Saïd cligna des yeux, partagé entre la colère et l'incompréhension. Après tout ça, après tout ce qu'il s'était passé son discours restait le même ? Qu'y avait-il de si incompréhensible que rien n'ai changé malgré qu'il reconnaisse ses erreurs ? Saïd hésita à le faire flamber sur place. Ne pas comprendre quelqu'un était un de ses moteurs fétiche de colère.

Pourtant la sincérité et la volonté dans les paroles d'Ali le gardèrent de le faire taire tout de suite. Ali ne le comprenait pas, mais qu'y avait-il que lui-même ne comprenait pas chez cet Egyptien ? Il recula d'un pas.
- Tu m'as déjà aidé. C'était ta part du deal. Ne me pousse pas à respecter la mienne. Répondit Saïd. Il laissa retomber ses bras et ses bracelets cessèrent de briller. Ne m'oblige pas à te tuer.
Une partie de lui n'avait qu'une seule envie, sauter à la gorge de celui qui avait failli lui enlever Zoya. Celui qui l'avait obligé à suivre ses règles du jeu et qui l'avait abattu et humilié tant de fois.
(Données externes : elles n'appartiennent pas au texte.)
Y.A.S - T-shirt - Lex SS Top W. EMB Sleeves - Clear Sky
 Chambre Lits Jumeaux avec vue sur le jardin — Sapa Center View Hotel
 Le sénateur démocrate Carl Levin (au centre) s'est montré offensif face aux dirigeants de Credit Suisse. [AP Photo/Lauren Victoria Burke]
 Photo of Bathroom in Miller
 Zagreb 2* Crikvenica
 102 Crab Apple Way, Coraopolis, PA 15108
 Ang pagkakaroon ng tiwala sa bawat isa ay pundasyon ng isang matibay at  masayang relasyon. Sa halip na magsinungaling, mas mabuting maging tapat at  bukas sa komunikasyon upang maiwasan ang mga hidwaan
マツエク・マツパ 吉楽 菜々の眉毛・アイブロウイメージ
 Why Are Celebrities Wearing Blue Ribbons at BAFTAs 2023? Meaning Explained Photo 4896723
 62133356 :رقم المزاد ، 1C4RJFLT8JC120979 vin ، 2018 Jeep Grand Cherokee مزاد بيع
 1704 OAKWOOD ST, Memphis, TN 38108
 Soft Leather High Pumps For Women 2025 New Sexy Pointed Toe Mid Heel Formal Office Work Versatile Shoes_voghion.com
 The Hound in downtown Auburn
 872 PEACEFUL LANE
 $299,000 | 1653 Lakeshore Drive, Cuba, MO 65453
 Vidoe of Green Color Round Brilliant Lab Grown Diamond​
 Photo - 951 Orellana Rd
Mais l'autre partie qui s'avança reconnu aussi l'homme qui à sa façon ne lui avait voulu que tu bien. Celui qui lui avait montré la voie de ses ancêtres, celui qui l'avait amené dans sa famille et son temple, celui qui lui avait rendu sa magie et révélé sa raison de vivre.
- Il ne s'agit pas de moi Saïd ! Tu-


- Exactement. Il ne s'agit pas de toi. Coupa-t-il sèchement en s'avançant de deux pas pour faire face à l'Egyptien. Ses yeux dorés se plantèrent dans les yeux bleus d'Ali qui se firent implorants.
- Ne t'approche pas de moi. Ne t'approche pas de ma famille. Ordonna Saïd d'un ton calme mais ferme qui appartenait d'ordinaire dans la bouche d'Ali. La prochaine fois que je te vois, je te tue. Conclu-t-il clairement et simplement.
Sans attendre de relance, Saïd contourna l'Egyptien et se dirigea vers la sortie.

- Adieu, mon frère. Énonça-t-il avant de disparaître dans un flash,  laissant Ali devant son tas en flamme.